**EXERCISE BRIEF**
Would you transcribe the listing that follows, character for character, and omit its images?

**PROVIDED MATERIAL**

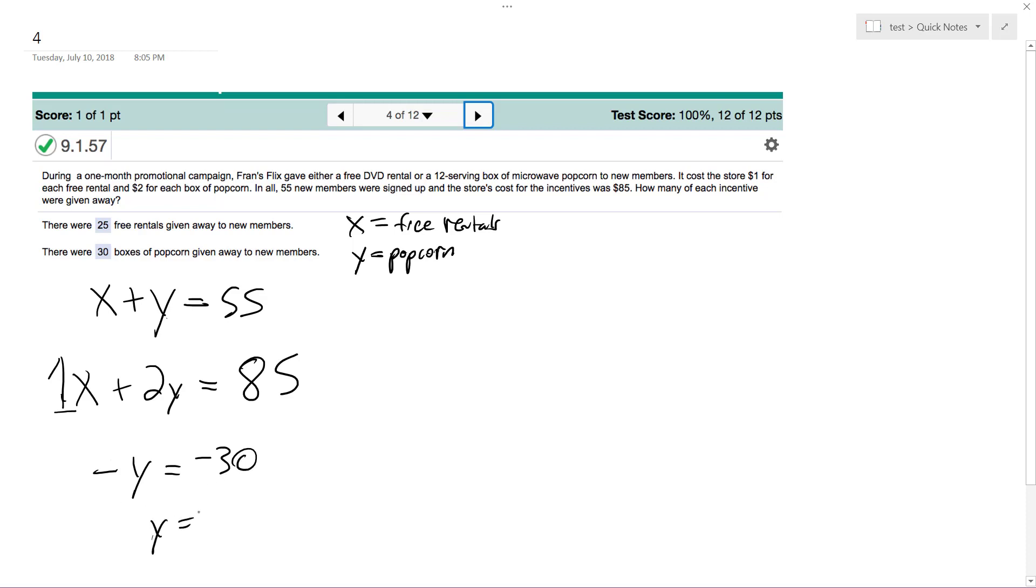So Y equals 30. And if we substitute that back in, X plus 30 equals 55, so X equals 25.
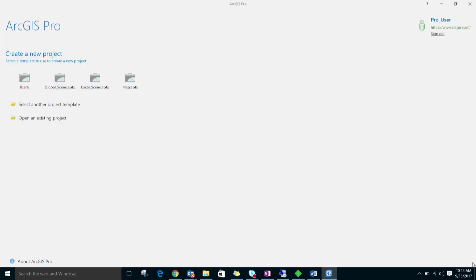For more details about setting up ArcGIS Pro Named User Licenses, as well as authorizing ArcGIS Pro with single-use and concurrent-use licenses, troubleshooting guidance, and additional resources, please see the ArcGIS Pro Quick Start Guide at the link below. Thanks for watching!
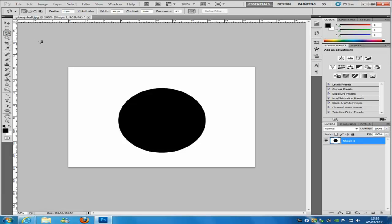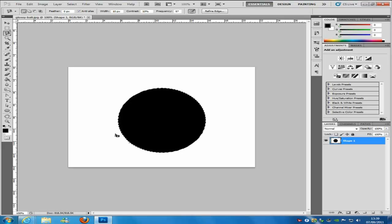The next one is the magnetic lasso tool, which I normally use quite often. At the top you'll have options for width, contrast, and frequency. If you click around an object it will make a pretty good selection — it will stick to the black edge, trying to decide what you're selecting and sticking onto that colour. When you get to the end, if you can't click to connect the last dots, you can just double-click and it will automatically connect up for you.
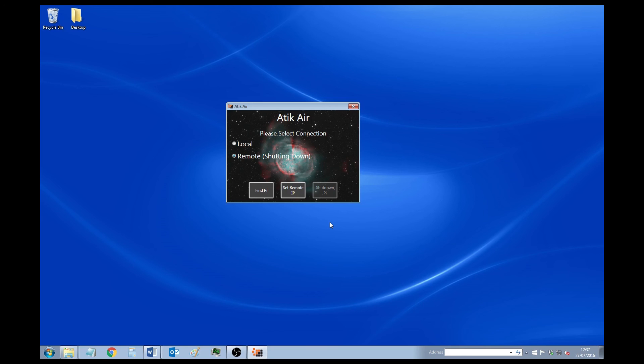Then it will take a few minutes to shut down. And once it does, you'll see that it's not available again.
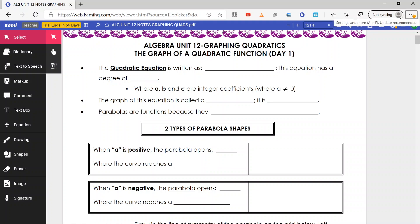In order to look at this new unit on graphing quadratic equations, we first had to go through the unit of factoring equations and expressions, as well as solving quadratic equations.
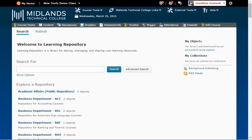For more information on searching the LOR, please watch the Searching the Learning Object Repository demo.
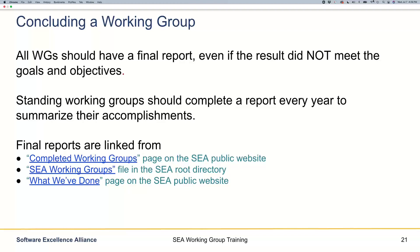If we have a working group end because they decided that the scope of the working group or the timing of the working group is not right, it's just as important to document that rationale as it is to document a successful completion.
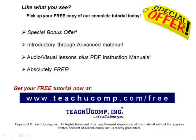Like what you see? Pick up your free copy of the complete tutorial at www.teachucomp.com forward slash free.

**THE ANSWER**
So Y equals 30. And if we substitute that back in, X plus 30 equals 55, so X equals 25.
For more details about setting up ArcGIS Pro Named User Licenses, as well as authorizing ArcGIS Pro with single-use and concurrent-use licenses, troubleshooting guidance, and additional resources, please see the ArcGIS Pro Quick Start Guide at the link below. Thanks for watching!
The next one is the magnetic lasso tool, which I normally use quite often. At the top you'll have options for width, contrast, and frequency. If you click around an object it will make a pretty good selection — it will stick to the black edge, trying to decide what you're selecting and sticking onto that colour. When you get to the end, if you can't click to connect the last dots, you can just double-click and it will automatically connect up for you.
Then it will take a few minutes to shut down. And once it does, you'll see that it's not available again.
In order to look at this new unit on graphing quadratic equations, we first had to go through the unit of factoring equations and expressions, as well as solving quadratic equations.
For more information on searching the LOR, please watch the Searching the Learning Object Repository demo.
If we have a working group end because they decided that the scope of the working group or the timing of the working group is not right, it's just as important to document that rationale as it is to document a successful completion.
Like what you see? Pick up your free copy of the complete tutorial at www.teachucomp.com forward slash free.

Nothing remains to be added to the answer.